The McDougal arrangement was a violation of campaign finance laws preventing corporate contributions. The Daniels payment was an excessive contribution by Cohen.
Last month, special counsel Robert Mueller obtained an indictment against 12 Russians believed to work for the country’s Main Intelligence Directorate, or GRU. It’s this team that’s believed to have accessed the Democratic National Committee’s network and to have hacked into Hillary Clinton’s campaign chairman’s email account. In June 2016, some of those files were passed to WikiLeaks, which released two sets of stolen documents in July and October.
Hacking itself is clearly illegal. The indictments charge the Russians with violations of federal conspiracy and identity theft laws.
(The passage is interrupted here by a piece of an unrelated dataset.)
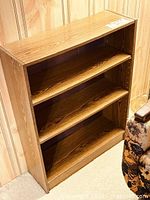 Front angled view of laminate wood-grain bookcase showing two adjustable shelves and fixed base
In February, Mueller’s team obtained indictments against another 13 Russians who worked for an organization called the Internet Research Agency. It was this team that allegedly created social media accounts meant to roil the discourse around the election. Several members of the organization visited the United States before the election. They also allegedly paid Americans to unwittingly make signs or impersonate Clinton at campaign events.
Those actions, if proved in court, violated identity theft, fraud and conspiracy laws. American intelligence officials say they obtained evidence that the goal of the social-media efforts and the hacking was to aid Trump’s election.
Among the other guilty pleas obtained by Mueller’s team, so far, is that of George Papadopoulos, an adviser to the Trump campaign who allegedly was told about Russia’s possession of hacked emails by a London-based professor named Joseph Mifsud in April 2016. When Papadopoulos was confronted by federal agents about his knowledge of the email hacking, he lied about the timeline of what he was told. He pleaded guilty to making a false statement in exchange for cooperating with the investigation.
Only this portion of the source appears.